▸ What is needed:
Each line of the material should be set down exactly. Pictures are not part of the copy.

▸ Data extract:
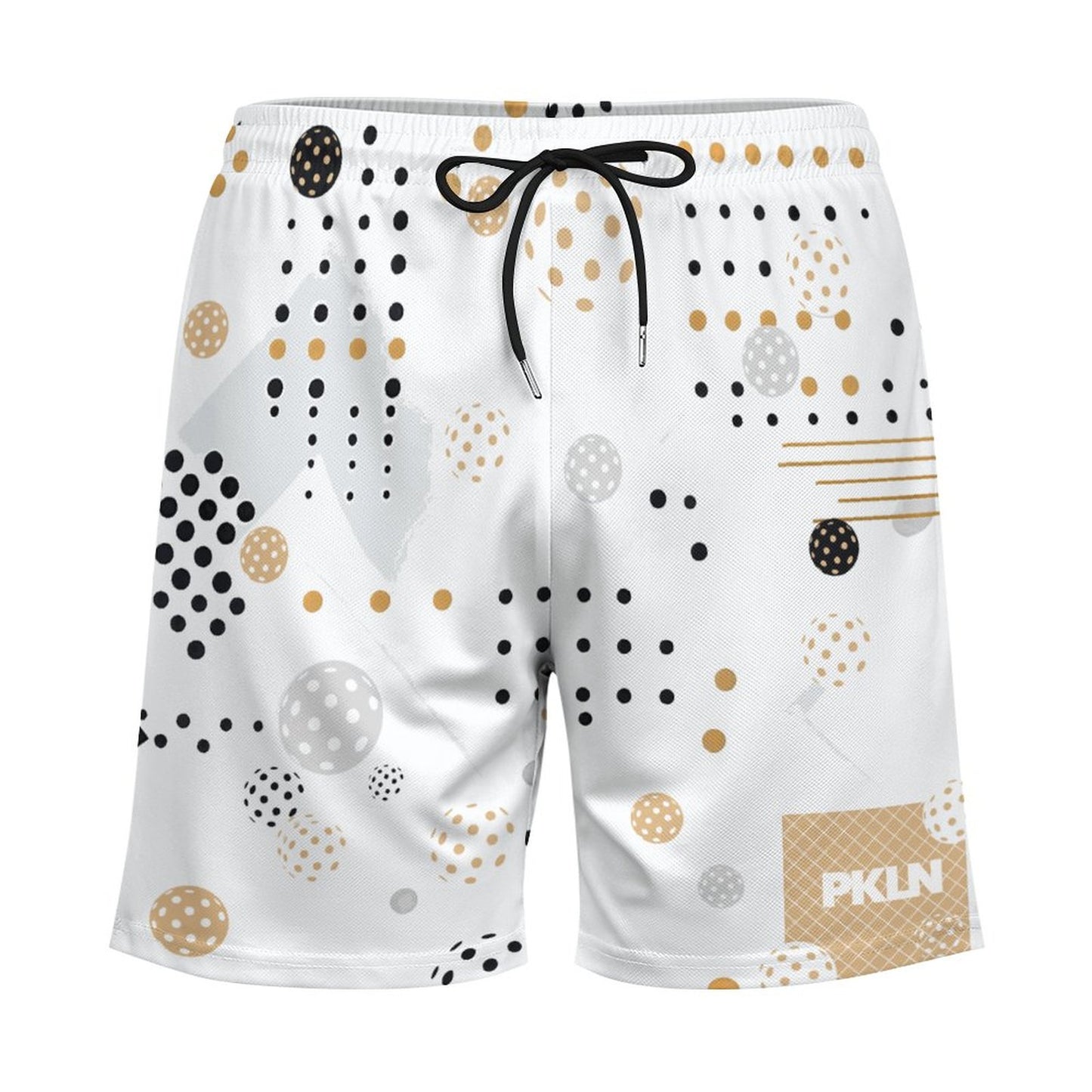 GOLD RUSH Pickleball Shorts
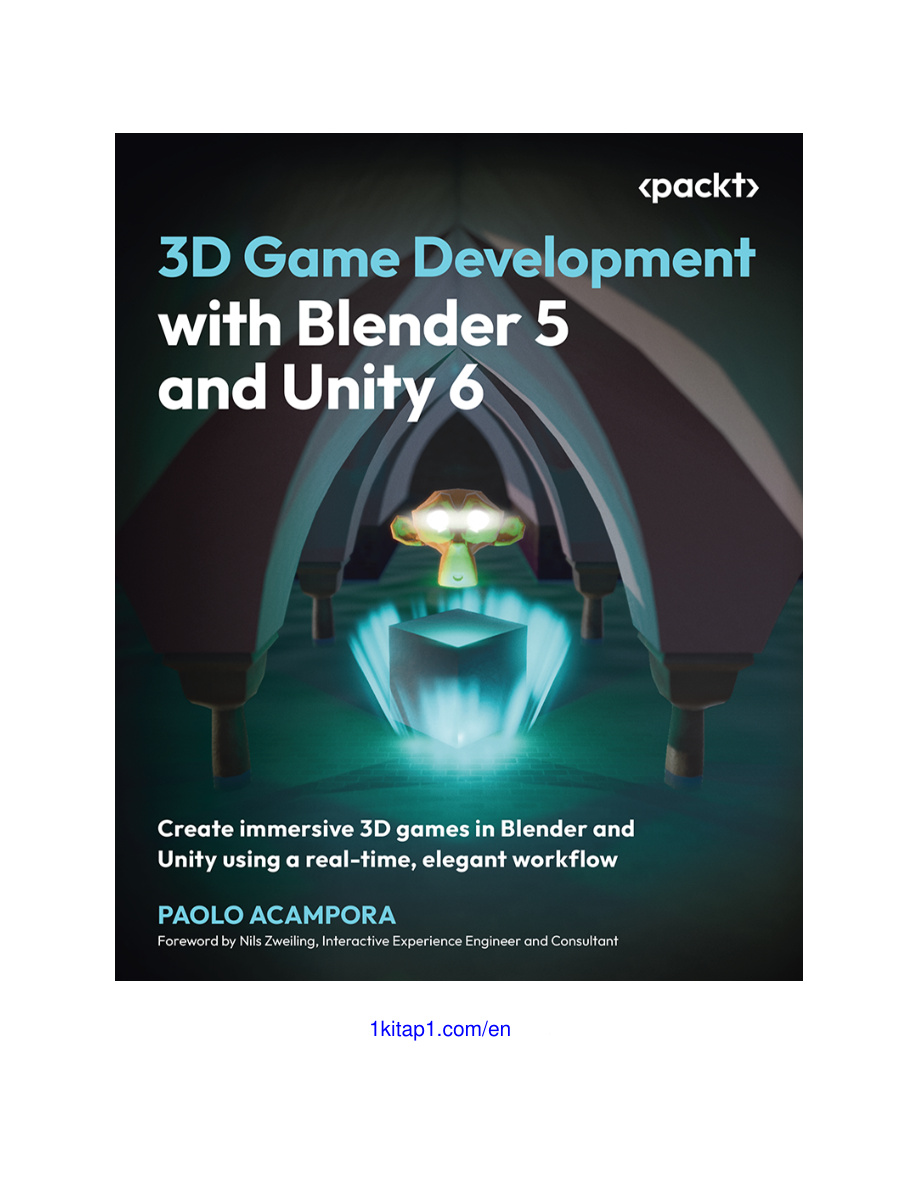 3D Game Development with Blender 5 and Unity PDF Download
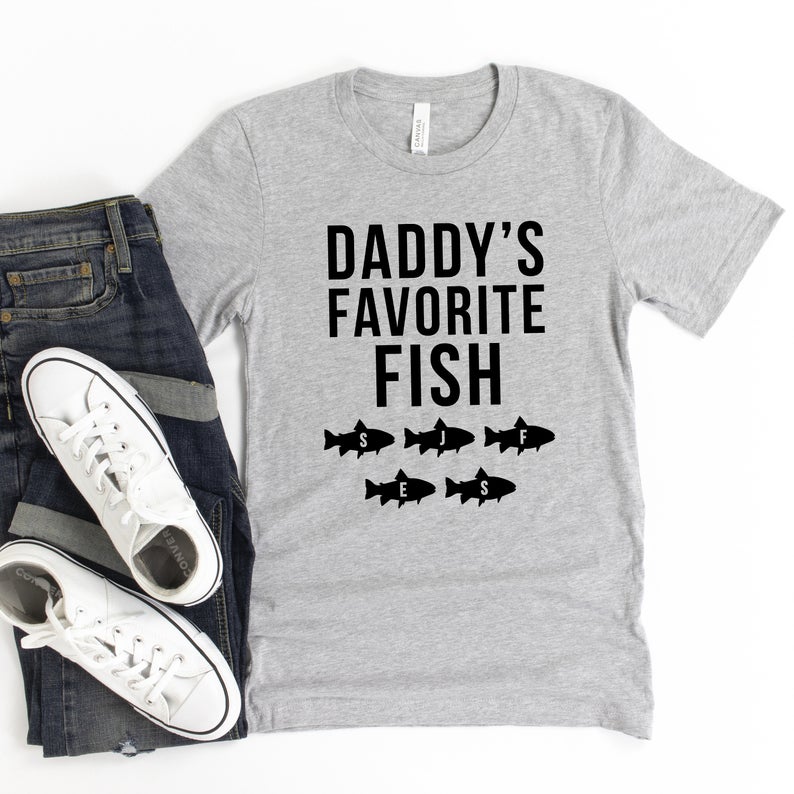 Daddy’s Favorite Fish T Shirt NA
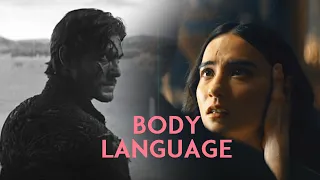 Alina & the Darkling | body language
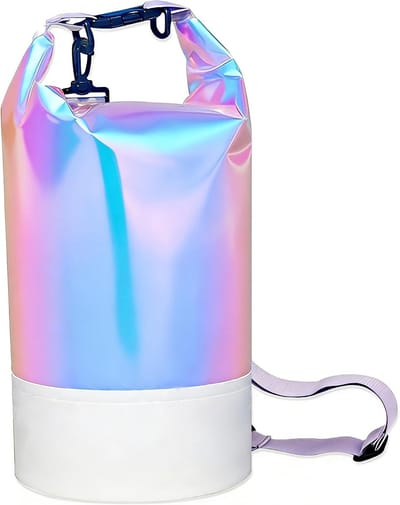 Famanu – Dry Bag 10L - waterdichte pakzak - compact en lichtgewicht - geschikt voor outdoor-activiteiten - houdt kleding en waardevolle spullen droog tijdens kajakken - varen en kamperen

▸ Task response:
 GOLD RUSH Pickleball Shorts
 3D Game Development with Blender 5 and Unity PDF Download
 Daddy’s Favorite Fish T Shirt NA
 Alina & the Darkling | body language
 Famanu – Dry Bag 10L - waterdichte pakzak - compact en lichtgewicht - geschikt voor outdoor-activiteiten - houdt kleding en waardevolle spullen droog tijdens kajakken - varen en kamperen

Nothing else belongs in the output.